Core Concepts
The author introduces an algorithm for approximating the product of two H2-matrices with block-relative error estimates, using specialized tree structures. This approach allows for efficient handling of large matrices while ensuring controllable accuracy.
Abstract
The content discusses the discretization of non-local operators leading to large matrices and the use of H2-matrices for data-sparse approximation. It introduces an algorithm for multiplying H2-matrices with error control and explains the hierarchical structure involved in matrix operations.
H2-matrices exploit local low-rank structures in large matrices to reduce storage requirements and complexity. The article details algorithms for constructing efficient preconditioners and evaluating matrix functions using H2-matrices.
Specialized techniques like fast multipole methods are employed to handle dense matrices efficiently in integral equations. The text delves into the complexities of matrix multiplication, especially when approximating products of H2-matrices within a block structure.
The concept of cluster trees and block trees is crucial in representing submatrices efficiently during matrix operations.
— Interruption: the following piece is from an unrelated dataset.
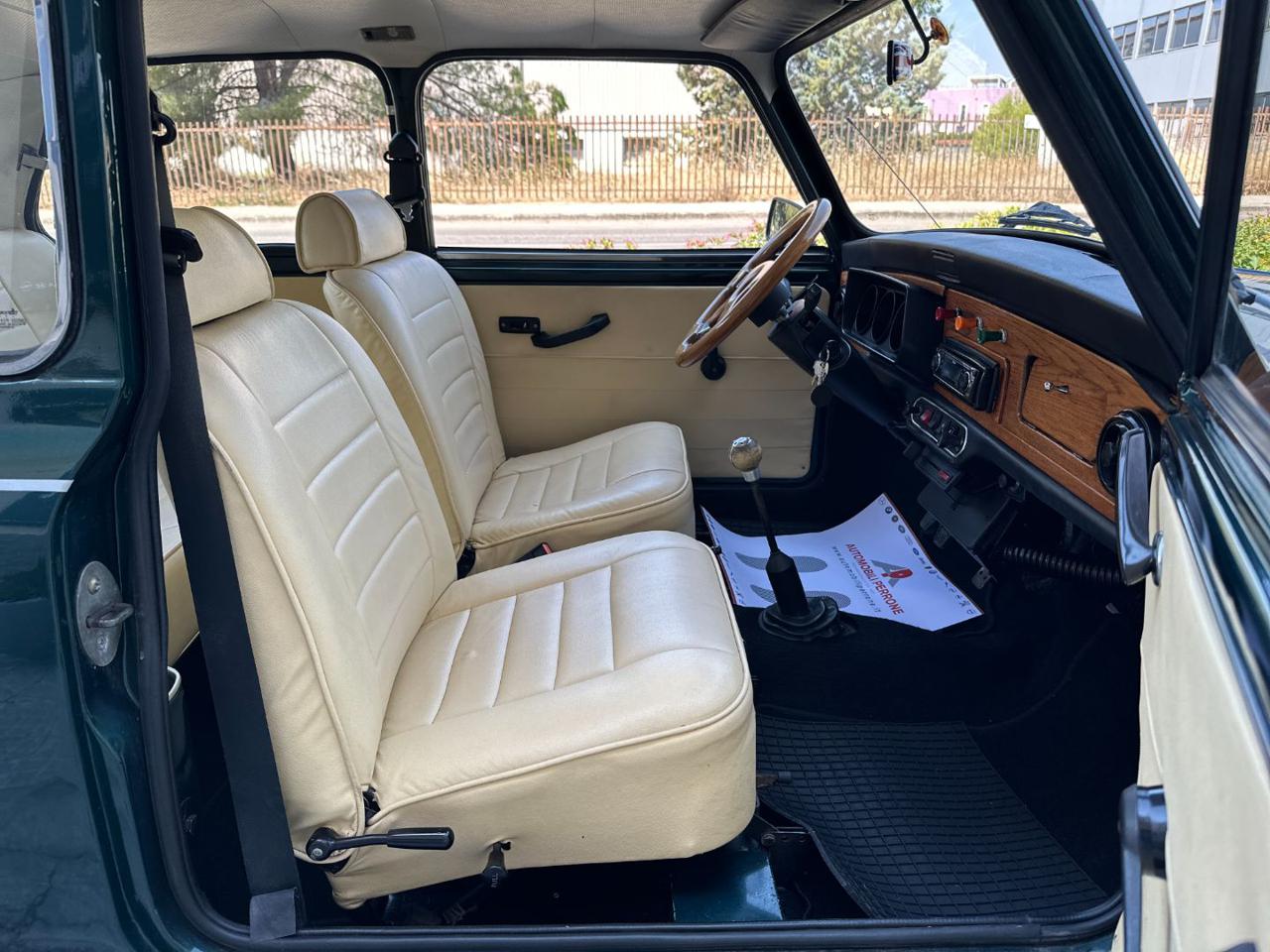 AUSTIN Mini Moke Mini Mayfair - Perfetta ed Iscritta ASI - 8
The discussion extends to semi-uniform matrices, accumulators, induced block structures, basis trees, and their yields in optimizing matrix computations.
Stats
Highly accurate approximations require large systems of linear equations.
Hierarchical matrices extend applications while maintaining optimal complexity.
Efficient algorithms are needed to approximate products of H2-matrices with controllable accuracy.
Fast multipole methods offer efficient approaches for handling dense matrices.
Cluster trees play a vital role in constructing submatrices effectively during matrix operations.